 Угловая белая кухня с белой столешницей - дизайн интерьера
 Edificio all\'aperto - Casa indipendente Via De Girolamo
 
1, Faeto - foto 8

◇ ◇ ◇ ◇ ◇ ◇ ◇

__WHAT IS NEEDED__.
Transcribe the entire listing above exactly.

__WORKED SOLUTION__.
 Угловая белая кухня с белой столешницей - дизайн интерьера
 Edificio all\'aperto - Casa indipendente Via De Girolamo
 
1, Faeto - foto 8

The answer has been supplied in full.